▸ EXERCISE:
All records are to be restated word for word, with pictures excluded.

▸ SOURCE DATA:
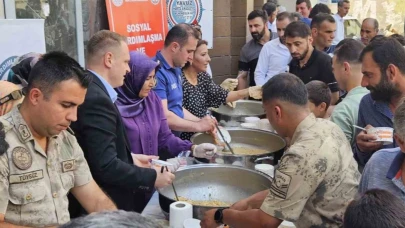 Muharrem ayı dolayısıyla 3 bin kişiye aşure ikramı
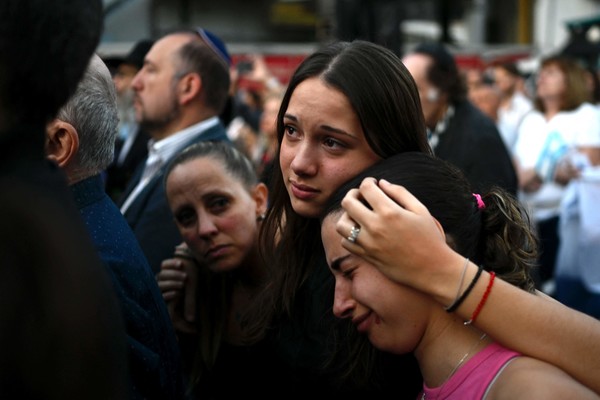 [이스라엘 팔레스타인분쟁] 팔레스타인 무장단체 하마스의 10월 7일 이스라엘에 대한 충격적인 공격 이후 2023년 10월 9일 부에노스아이레스에서 열린 이스라엘 국민을 지지하는 집회에서 한 여성이 울고 있다. / 사진 = 연합뉴스 제공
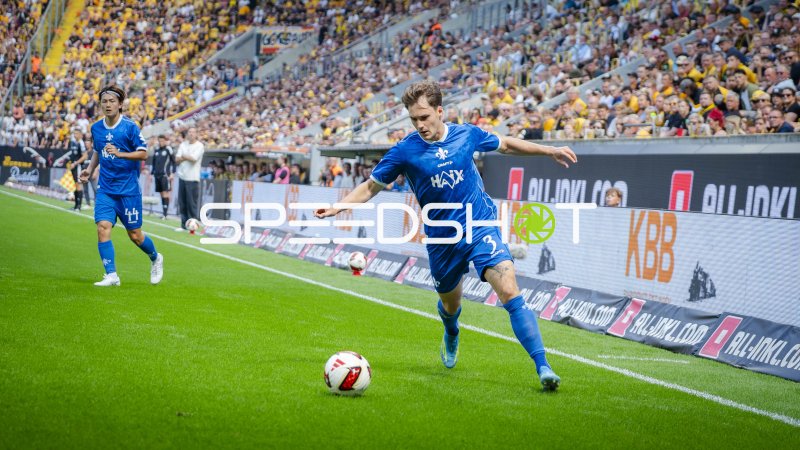 SV Darmstadt 98 im Angriff entlang der Seitenlinie im Rudolf-Harbig-Stadion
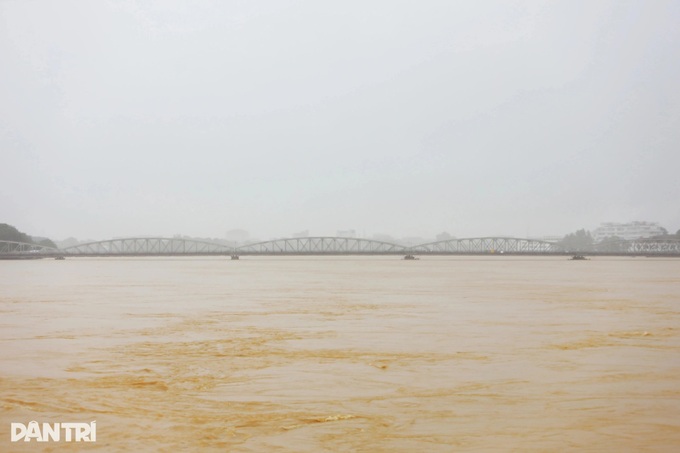 Floodwaters surround Hue Imperial Citadel - 2 Floodwaters surround Hue Imperial Citadel - 2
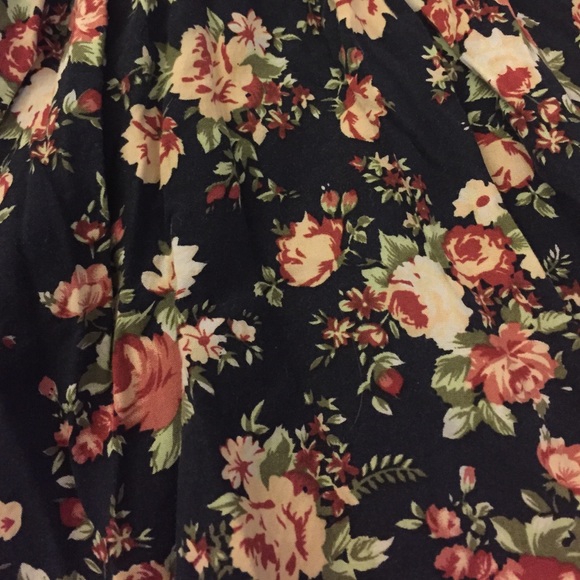 Cotton On Dress 🌼👗🌸 - Picture 2 of 3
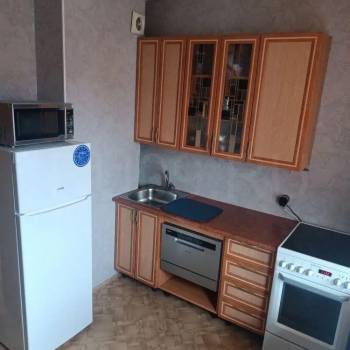 Продается 1-комнатная квартира, 36 м²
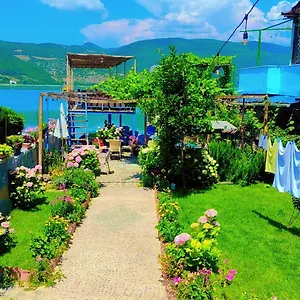  Bed & Breakfast Erda Lakeside Albánie
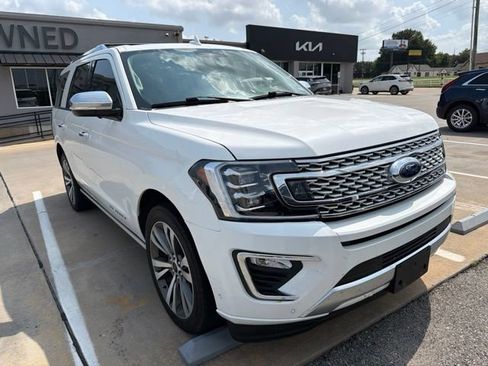 Used 2020 Ford Expedition Platinum RWD image 2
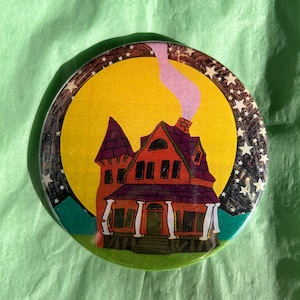 Haunted House 3.5” pin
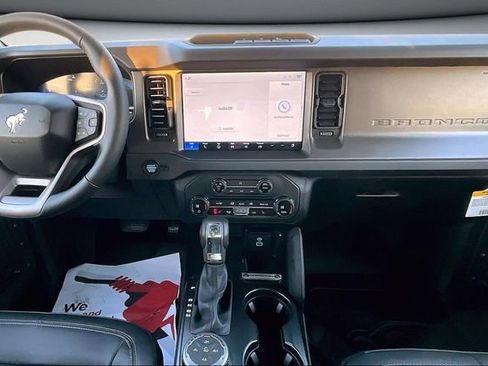 New 2025 Ford Bronco Big Bend w/ Black Diamond Package image 5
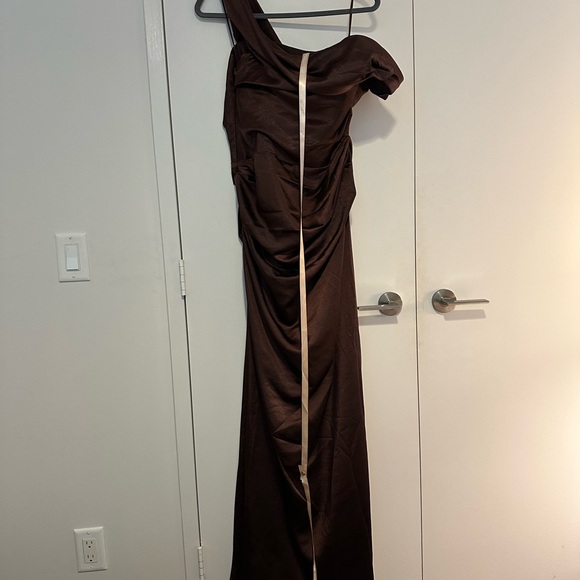 Brown One-Shoulder Draped Dress - Picture 6 of 8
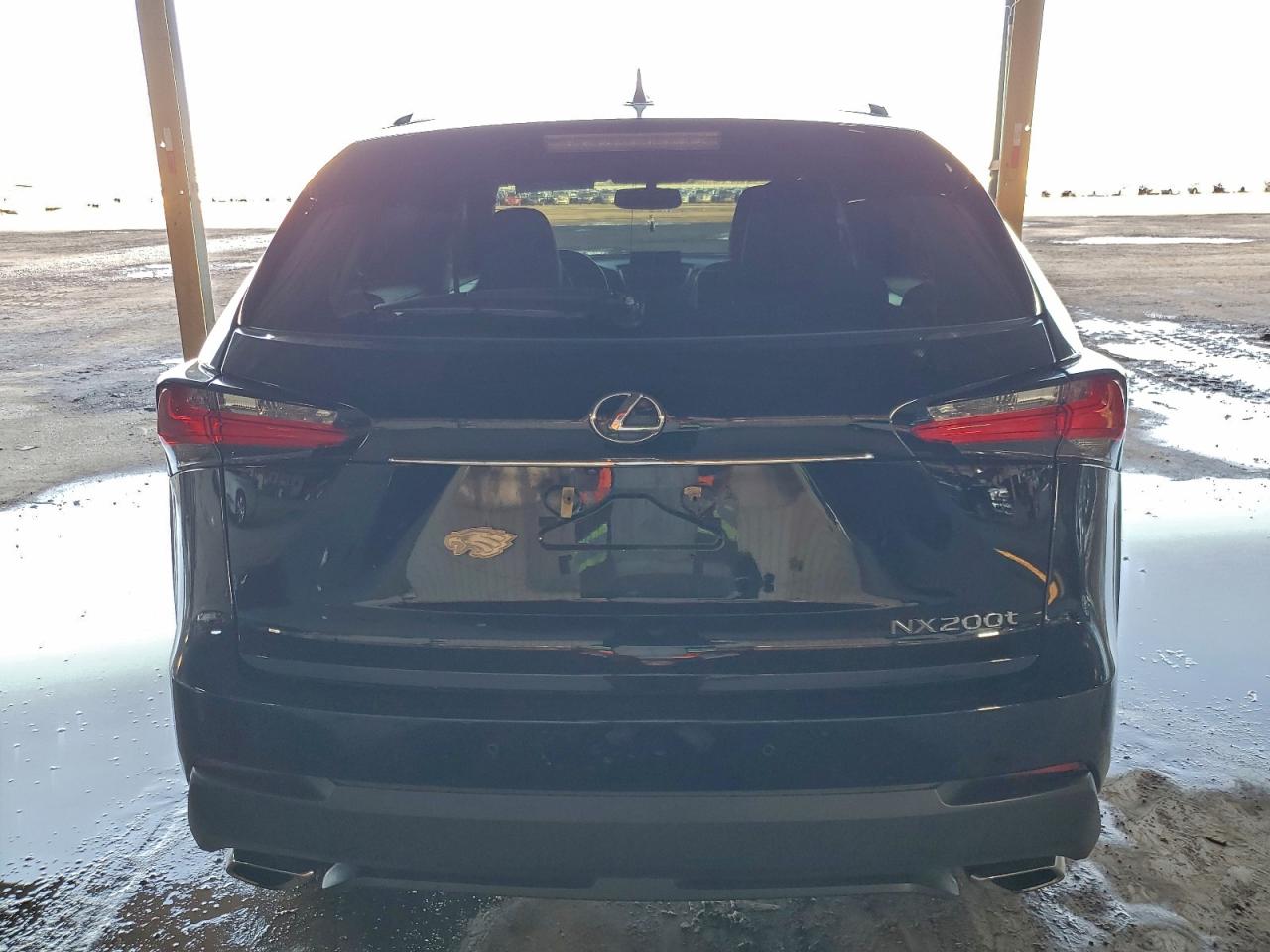 Lexus NX 200t Base Image 8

▸ RESULT OF THE EXERCISE:
 Muharrem ayı dolayısıyla 3 bin kişiye aşure ikramı
 [이스라엘 팔레스타인분쟁] 팔레스타인 무장단체 하마스의 10월 7일 이스라엘에 대한 충격적인 공격 이후 2023년 10월 9일 부에노스아이레스에서 열린 이스라엘 국민을 지지하는 집회에서 한 여성이 울고 있다. / 사진 = 연합뉴스 제공
 SV Darmstadt 98 im Angriff entlang der Seitenlinie im Rudolf-Harbig-Stadion
 Floodwaters surround Hue Imperial Citadel - 2 Floodwaters surround Hue Imperial Citadel - 2
 Cotton On Dress 🌼👗🌸 - Picture 2 of 3
 Продается 1-комнатная квартира, 36 м²
  Bed & Breakfast Erda Lakeside Albánie
 Used 2020 Ford Expedition Platinum RWD image 2
 Haunted House 3.5” pin
 New 2025 Ford Bronco Big Bend w/ Black Diamond Package image 5
 Brown One-Shoulder Draped Dress - Picture 6 of 8
 Lexus NX 200t Base Image 8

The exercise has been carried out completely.